ほぼ100年前に建てられ、1階は座敷、2階は書庫として使われていた蔵を移築した部屋です。ほとんど手を入れずに再生したというだけあって、1階には昔の土間、建具、ふすまなどが使われていて、色あせたふすまを敢えてそのまま使用するなど、良い意味で古色蒼然とした雰囲気に包まれています。2階は、カーペット敷きの洋室に改造されていて、リビングルームとベッドルームに分かれた近代的なミニ・スイートになっています。

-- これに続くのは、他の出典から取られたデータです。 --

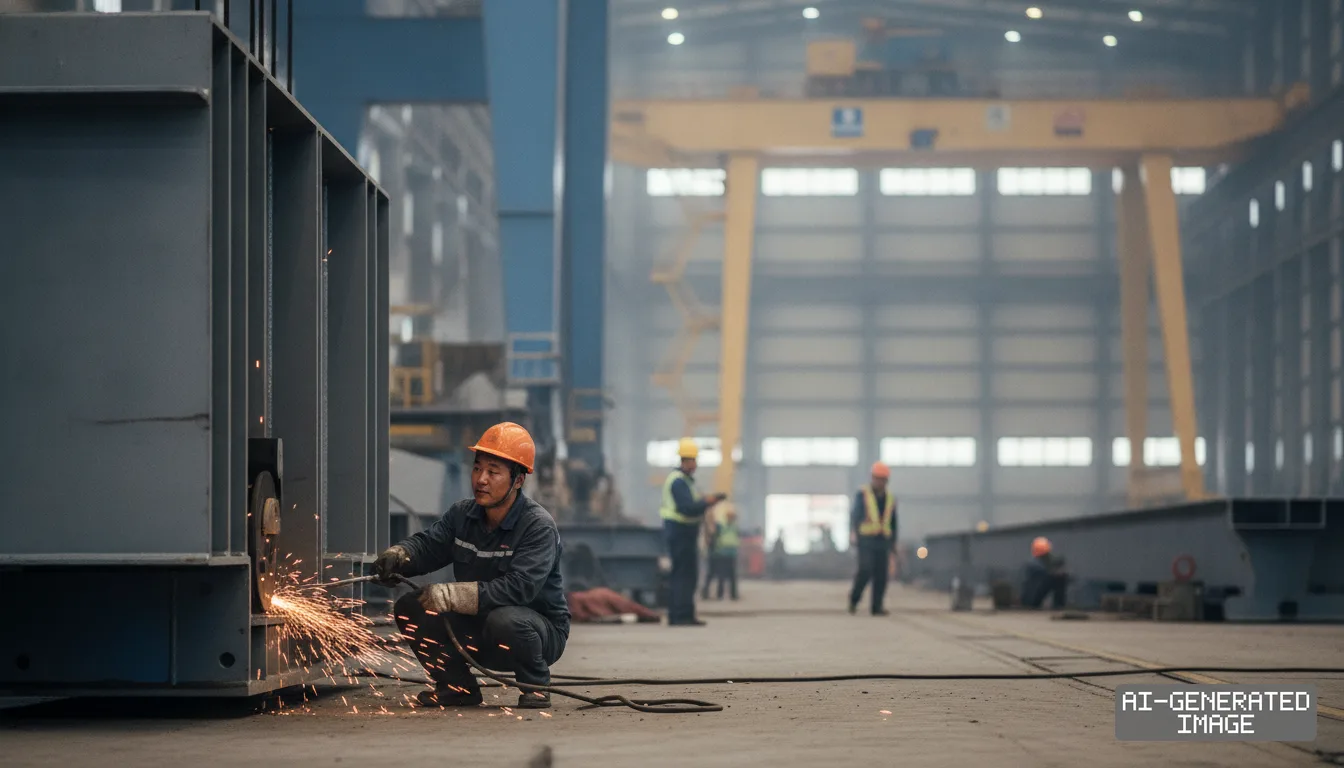 A worker cuts a heavy steel structure inside a fabrication facility as work begins on a massive gantry crane for a South Korean shipbuilder. (AI-generated image)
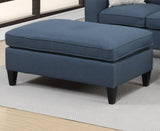 ZUN Reversible 3pc Sectional Sofa Set Navy Tufted Polyfiber Wood Legs Chaise Sofa Ottoman Pillows B01149073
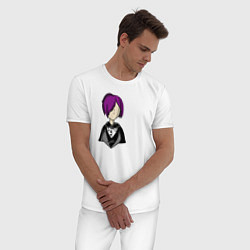 Пижама хлопковая мужская Тоука минимализм, цвет: белый — фото 2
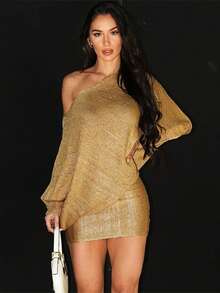 Women Asymmetrical Sequin Evening Dress Spring Autumn Long Sleeve Slash Neck One Shoulder Fashion Party Dress - 金色 - 查看 3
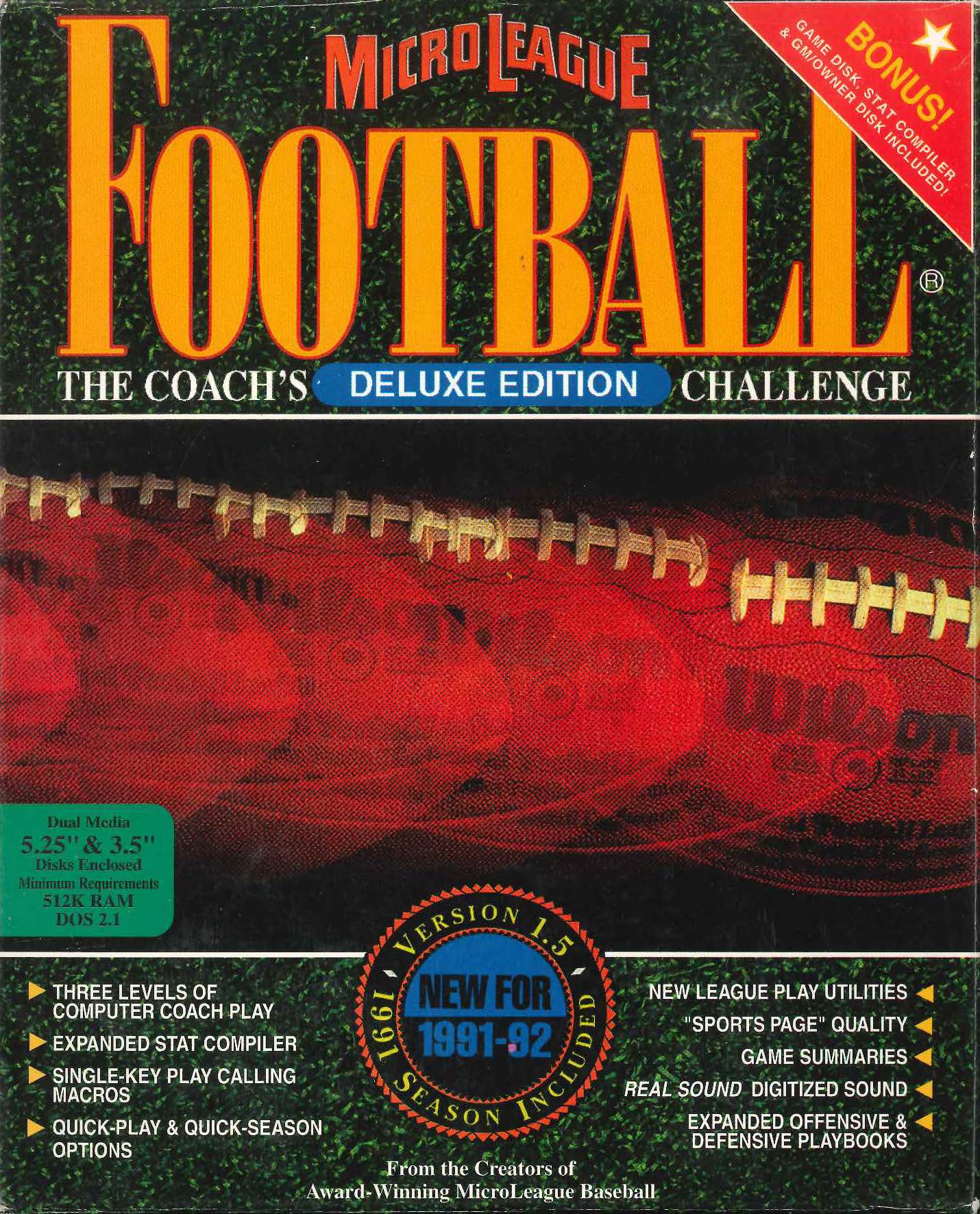 MicroLeague Football: The Coach's Challenge - Deluxe Edition box art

こうした本物へのこだわりは、地の野菜を中心とした、素朴なのに洗練された食事にも、強く感じられます。笑顔の絶えないスタッフと趣味の良い空間に囲まれて、穏やかな時間をすごせる旅館だと思いました。
さらに、私の大好きな「右馬允」のご主人と親交があることがわかり、「右馬允さんを手本に頑張っていますが、なかなか追いつけません。」と語る若主人の真意は聞きそびれましたが、どちらも本物を追求し、お互いを磨き合っていることは素晴らしいことだと感じました。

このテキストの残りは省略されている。